Magnetic resonance imaging studies were obtained in adult patients with a history of SCFE. A total of 35 hips after SCFE in 26 patients (mean age 24.1 +/- 6.5, mean follow-up 11.9 +/- 6.1 years) were evaluated. The control group comprised 20 healthy hips from 10 young adults with an average age of 23.9 +/- 3.7 years. The MR protocol included a T1-weighted sequence with a 3D volumetric interpolated breath-hold sequence and a radial 2D proton density-weighted sequence around the femoral neck. Images were evaluated for alpha angle and cartilage damage in five positions around the femoral head. Hip function was evaluated at the time of MRI and correlated with MRI results. Mann-Whitney U test and Spearman's correlation coefficient were used for statistical analysis.
In the hips after SCFE alpha angles were significantly increased in the anterosuperior (74.1 degrees +/- 18.8 degrees ) and superior (72.5 degrees +/- 21.5 degrees ) positions and decreased in the posterior position (25.0 degrees +/- 7.2 degrees ). Cartilage damage was dominant in the anterosuperior and superior positions. Impaired rotation significantly correlated with increased anterosuperior, superior and posterosuperior alpha angles.

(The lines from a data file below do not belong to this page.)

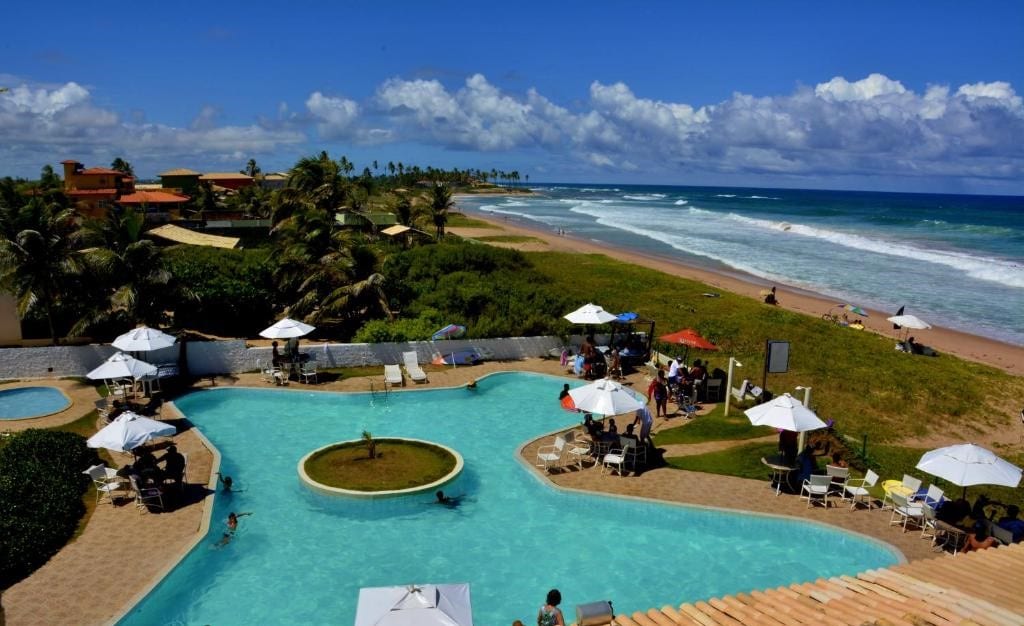 Piscina do OYO Hotel Arembepe Beach Hotel, Camacari. Uma piscina no meio, no centro dela uma ilha com grama, no lado esquerdo uma mini piscina, no lado direito a praia. Ao redor da piscina guarda-sóis, cadeiras e pessoas.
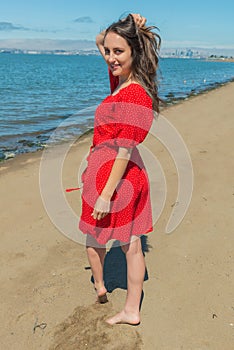 Brunette in red on a beach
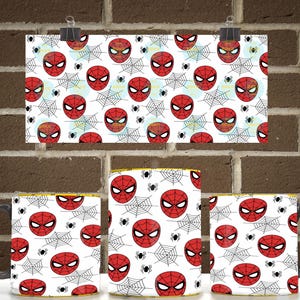 May include: A white ceramic mug featuring a repeating pattern of red and black Spider-Man masks interspersed with black spider web illustrations and small black spiders. The mug has a dark handle and a yellow interior rim, showcasing the graphic design.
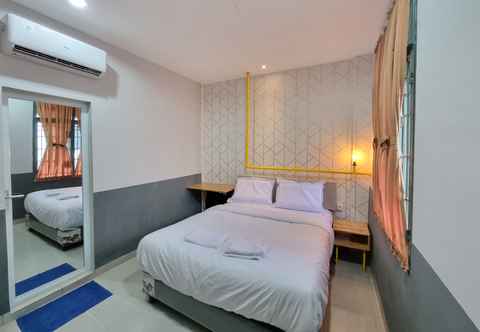 Bedroom Capital O Millenium Inn 2 Medan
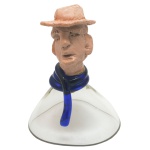 MARIO SEGUSO. Vintage  Peça de decoração de formato cônico em vidro artístico de Murano realçado por detalhe de cor azul. Parte superior ornada por cabeça masculina em cerâmica, apoiada em adorno espiralado de cor azul. Assinada. 16 x 12 cm. Passamos para informar os detalhes e o procedimento para a retirada do seu lote: O lote encontra-se originalmente em Belo Horizonte (MG). e estará disponível em nosso escritório em São Paulo (SP) a partir de uma semana após o término do leilão. A retirada deve ser feita exclusivamente mediante agendamento prévio. Telefone para agendamento: (11) 5044-1228. Por favor, entre em contato conosco pelo telefone acima para escolher o melhor dia e horário para buscar o seu lote.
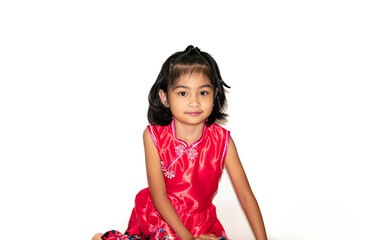 portrait of a little girl playing on the floor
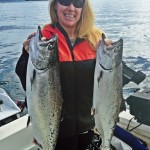 Karen Rhinehart holds up the last of a two fish limit for the season. Those are some nice chunky Blackmouth right there.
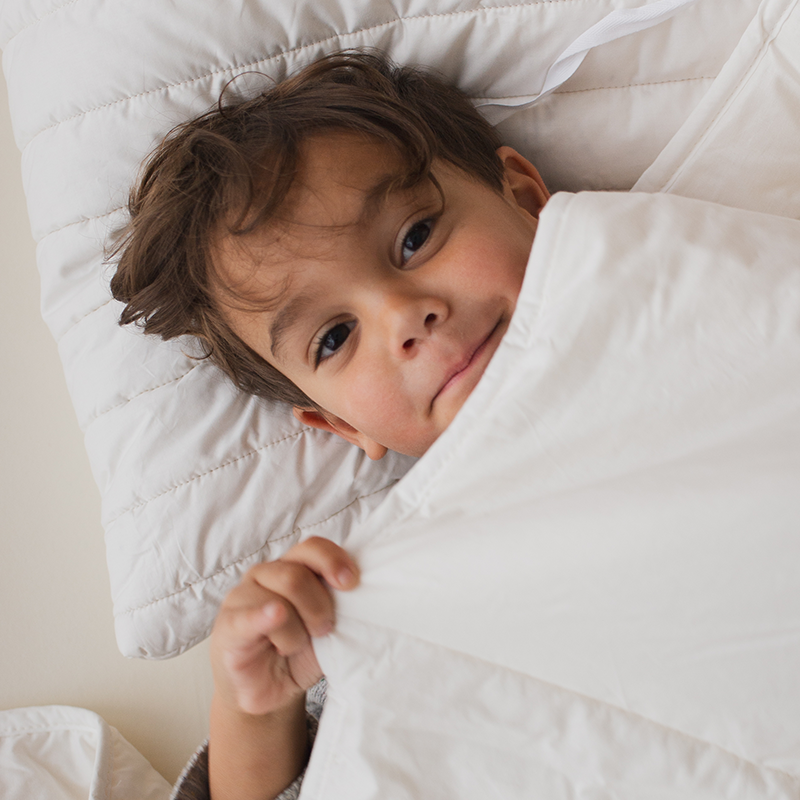 Junge liegt auf weissem Kissen  und unter einer Bettdecke für Kinder von Murmunto in Weiss. 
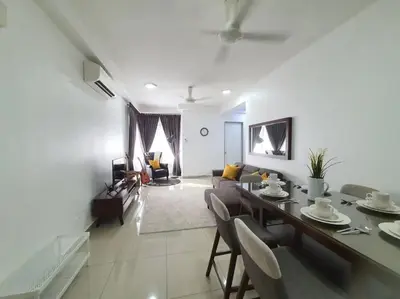 a living room with a dining table and a living room at Rafflesia Condominium by Dahlia Homes in Kuala Lumpur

The data support an anterosuperior and superior cam-type deformity of the femoral head-neck junction in the follow-up after SCFE. MRI after SCFE can be used to assess anterosuperior and superior alpha angles, since the anterior alpha angle by itself may underestimate asphericity and is not associated with rotation deficits.
评估骺滑脱(SCFE)后髋关节的旋转不足、股骨头非球形度和软骨损伤的定位。
对有 SCFE 病史的成年患者进行磁共振成像(MRI)研究。共评估了 26 例患者的 35 个髋关节(平均年龄 24.1 +/- 6.5 岁,平均随访 11.9 +/- 6.1 年)。对照组为 10 名平均年龄 23.9 +/- 3.7 岁的年轻健康成年人的 20 个健康髋关节。MR 方案包括 T1 加权序列、三维容积内插屏气序列和股骨颈周围的径向二维质子密度加权序列。对五个股骨头周围位置的 alpha 角和软骨损伤进行图像评估。在 MRI 时评估髋关节功能,并与 MRI 结果相关联。使用 Mann-Whitney U 检验和 Spearman 相关系数进行统计学分析。
在 SCFE 后的髋关节中,前上(74.1 度 +/- 18.8 度)和上(72.5 度 +/- 21.5 度)位置的 alpha 角明显增加,后位(25.0 度 +/- 7.2 度)减少。软骨损伤主要在前上和上位置。旋转受损与前上、上和后上 alpha 角增加显著相关。
数据支持骺滑脱后髋关节颈交界处的前上和上凸轮样畸形。SCFE 后 MRI 可用于评估前上和上 alpha 角,因为单独的前 alpha 角可能低估非球形度,并且与旋转不足无关。